[[ EXERCISE DATA open ]]

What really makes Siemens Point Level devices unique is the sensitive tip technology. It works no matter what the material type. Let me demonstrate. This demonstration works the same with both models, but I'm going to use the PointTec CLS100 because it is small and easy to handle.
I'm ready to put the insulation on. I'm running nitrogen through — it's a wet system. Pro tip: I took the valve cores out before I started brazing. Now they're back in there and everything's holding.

[[ EXERCISE DATA closed ]]
[[ EXERCISE DATA open ]]

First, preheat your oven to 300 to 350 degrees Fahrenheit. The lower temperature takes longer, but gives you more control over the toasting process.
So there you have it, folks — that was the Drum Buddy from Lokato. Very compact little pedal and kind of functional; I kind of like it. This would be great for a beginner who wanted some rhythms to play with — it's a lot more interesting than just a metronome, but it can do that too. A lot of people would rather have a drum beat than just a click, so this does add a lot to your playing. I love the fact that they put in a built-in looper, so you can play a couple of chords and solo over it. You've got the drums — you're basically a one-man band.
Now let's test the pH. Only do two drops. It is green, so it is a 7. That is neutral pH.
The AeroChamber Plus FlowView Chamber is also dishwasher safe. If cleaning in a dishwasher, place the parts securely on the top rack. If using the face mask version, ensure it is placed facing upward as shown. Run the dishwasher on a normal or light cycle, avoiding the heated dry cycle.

[[ EXERCISE DATA closed ]]

▶ **EXERCISE GOAL**
Check the data for the word "there" and pull out the lines that have it.

▶ **OUTPUT**
I'm ready to put the insulation on. I'm running nitrogen through — it's a wet system. Pro tip: I took the valve cores out before I started brazing. Now they're back in there and everything's holding.
So there you have it, folks — that was the Drum Buddy from Lokato. Very compact little pedal and kind of functional; I kind of like it. This would be great for a beginner who wanted some rhythms to play with — it's a lot more interesting than just a metronome, but it can do that too. A lot of people would rather have a drum beat than just a click, so this does add a lot to your playing. I love the fact that they put in a built-in looper, so you can play a couple of chords and solo over it. You've got the drums — you're basically a one-man band.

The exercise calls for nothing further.